Salomão Rodrigues, in JN
Instituições recusam acolher sem-abrigo por este estar acompanhado da cadela.
Estão ambos ligados a um passado de abandono, a uma vida de sobressaltos, à margem de afetos e conforto. Luís Pereira, abandonado na infância pela família e a sua cadela Kika, resgatada de um canil, são o mesmo reflexo da vida madrasta que, agora, os tenta separar.
Luís, de 35 anos, ex-toxicodependente, viveu na rua, da generosidade alheia, conviveu com delinquentes e excluídos. Sentiu frio e desalento, mas contou sempre com a companhia da inseparável Kika, a cadela proveniente de uma associação em Santa Maria da Feira que decidiu adotar.
A Kika foi o elo mais forte que Luís encontrou para enfrentar adversidades e, garante o próprio, determinante para o abandono da toxicodependência, que se espera definitivo.
Recentemente resgatado da rua por amigos de uma associação, Luís quer uma nova vida. Deseja trabalhar e ter uma habitação onde possa viver.
Mas as oportunidades para acolher Luís têm excluído, todas elas, a presença de Kika. Condição que não aceita.
"Não é uma hipótese que eu pense aceitar", responde de imediato. "Estava cansado da droga, de amigos falsos e de certas pessoas quando decidi ir buscar a Kika. Tem sido a minha companhia, a minha família e não há palavras que consigam descrever os sentimentos que ela me transmite", justifica.
Luís recorda que, em todas a dificuldades, "ela esteve sempre comigo. Eu não a abandono e ela não me abandona".
Se mais razões fossem necessárias, lembra que, sem a sua amiga, tem "medo de cair novamente na droga".
"Quero muito ir para uma casa e ter um emprego, se possível trabalhar com animais que é das coisas que mais gosto. Mas não aceitarei nada disso se tiver que me separar da Kika", garantiu.
A pressão de um grupo de amigos dedicados ao voluntariado, junto das entidades de cariz social, resultou na colocação temporária de Luís e a sua cadela numa pensão da cidade da Feira.
Contudo, foi já sensibilizado para o facto de não poder levar Kika para uma instituição que o acolha.

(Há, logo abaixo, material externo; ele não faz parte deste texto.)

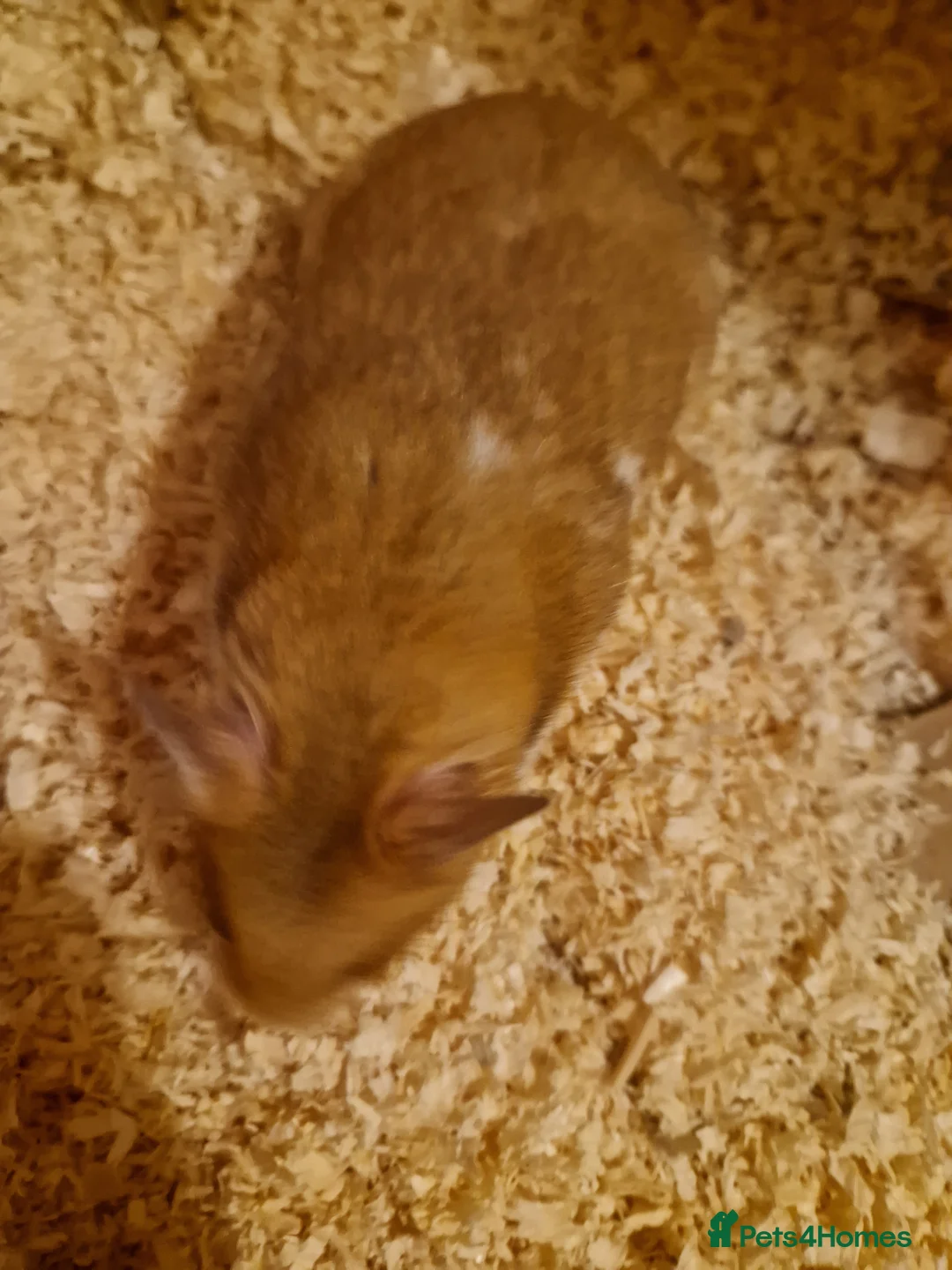 Hamster rodents for sale: Syrian hamster and cage  - Advert 7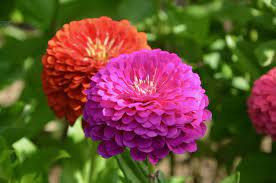 Наслади се на пъзела летни цветя от колекцията растения! Letnite Sezonni Cvetya V Gradinata Ecologicaldesign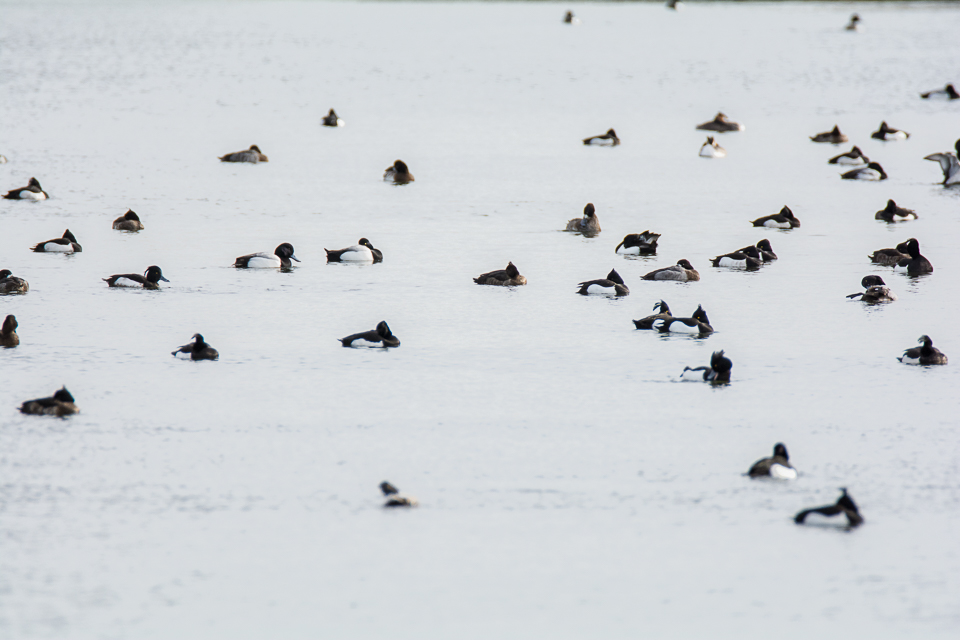 Greater scaup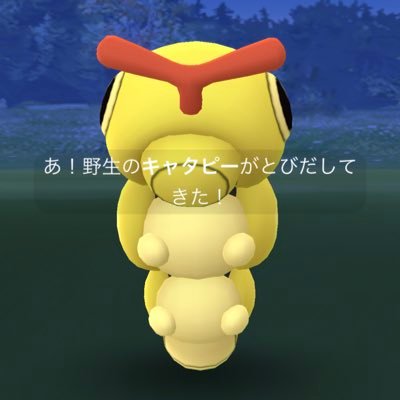 ポッポ ポケモンgo Isidmgb6xqxfitk Twitter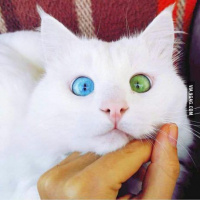 Ankara Kedisi, Kedi  Ankara Kedisi fotoğrafı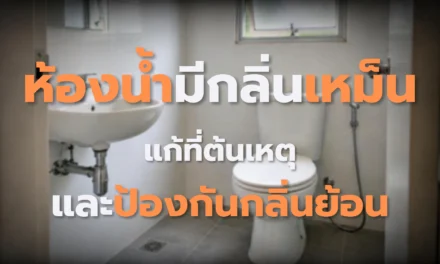 ห้องน้ำมีกลิ่นเหม็น แก้ที่ต้นเหตุและป้องกันกลิ่นย้อน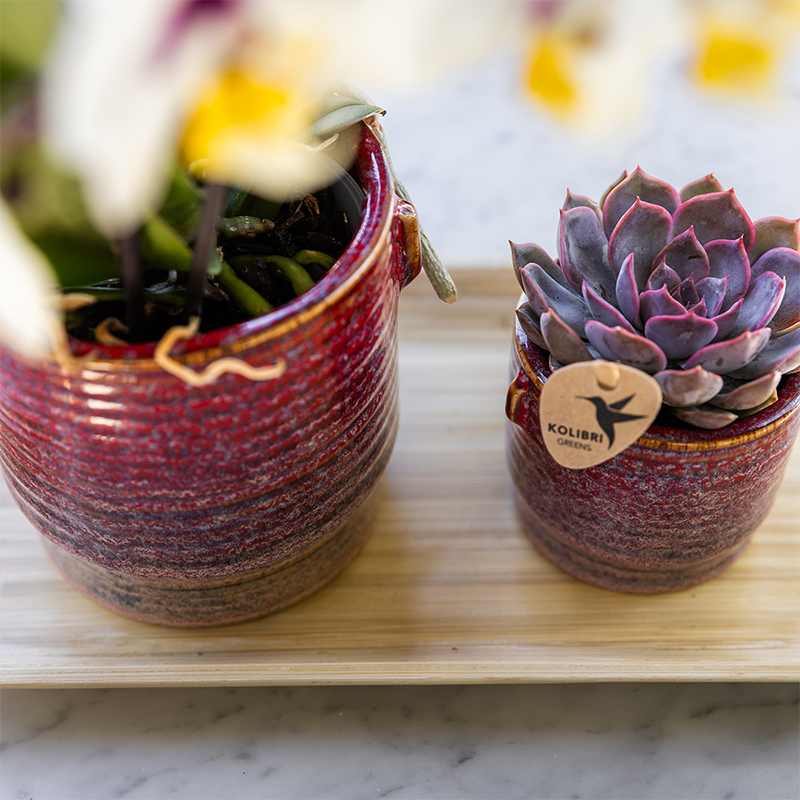 Kolibri Home | Aura sierpot - Ø6cm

"Não entendo como há instituições, algumas até de cariz religioso, que consigam deixar no abandono os animais, separando-os das pessoas às quais estão habituados. Não me parece justo", explicou.
Enquanto espera que seja encontrada uma solução para o futuro dos dois, Luís tenta que a sua exposição pública possa alertar e sensibilizar consciências.
"Não é só pela Kika e por mim que luto. É também por outros animais e outras pessoas que passam pela mesma situação e que deviam merecer mais atenção e serem ajudadas", concluiu.
"Coração na Rua" procura emprego e habitação
O grupo de amigos voluntários que constituem o "Coração na Rua" ajudou Luís a conseguir abrigo temporário e continua a fornecer parte da alimentação que este precisa. Agora, procura habitação e trabalho.
"O Luís quer mudar de vida, trabalhar e não ser vitimizado. O Estado não pode deixar de acompanhar um sem-abrigo, só porque este tem um animal de estimação, nem impedir que seja alvo de uma recuperação se o animal for um elemento importante nessa fase", considerou Ivo Gomes, do "Coração na Rua".